As long as there have been humans there has been hearing loss, and throughout the centuries people have designed different forms of technology to help combat hearing impairment.

Early Hearing Aid Tech

 

Hearing aids were first documented in a 1588 book called Natural Magick. People would carve wood into the shapes of animal ears, specifically animals that were thought to possess a better sense of hearing than humans.

 

Hearing aid trumpets prevailed in the 17th and 18th century.
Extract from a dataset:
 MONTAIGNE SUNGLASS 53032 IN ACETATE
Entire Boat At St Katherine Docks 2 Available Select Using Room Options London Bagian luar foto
One end of the apparatus was wide to collect sound, while the other end was narrow to channel the captured sound, amplified, into the user’s ear. Although glass, sea shells and animal horns were starting materials for these trumpets, they were later made out of copper and other metals.

 

In the 1800’s hearing aids were integrated as fashion accessories, and were assimilated into hair styles and clothes. Interestingly enough, this fad reemerges 200 years later.

 

The invention of electricity drastically changed newer versions of hearing aid technology. Hearing aids now involved a carbon microphone and battery. These devices were worn around the neck and usually had a battery life of only a few hours.

 

The creation of the transistor in the 1950’s led to further improvements in hearing aid technology, as hearing aids were able to be made less bulky. Silicon transistors allowed developers to make hearing aids even smaller. Digital hearing aid technology was the dominant form of hearing aid technology in the mid-1990s.

 

Hearing Aid Microsystems, Wireless Hearing Aids and Hearables  

 

In 2014 researchers at Fraunhofer-Gesellschaft designed hearing aid microsystems.  These hearing aid devices have the dimensions of 4x4x1 millimeters, making them less than one-sixth of an inch long. Because of their small size these microsystems consume much less energy than the hearing aids of the mid-1990s and are much less conspicuous.

 

Hearing aids that use Bluetooth wireless technology receive wireless signaling from other Bluetooth enabled devices. Users are able to tune into televisions, laptops or other devices that use audio signals. Bluetooth helps to eliminate background noises that would normally make listening more difficult for people that rely on hearing aid devices.

 

Hearables refer to hearing aid technology as well as other forms of technology that rely on direct auditory transmission to the ear. The fast-evolving hearable industry promises to create hearing aids with even more functions, as well as technology that might even replace hearing aids.

 

For example, Here earbuds are miniature speakers that can adjust the volume you experience in your external environment. Here One earbuds can sync with an iPhone, receive calls, use Siri and play music.

 

These new innovations in hearing aid technology not only provide users with higher-quality products, they also help to eliminate the stigma that is normally associated with using hearing aids.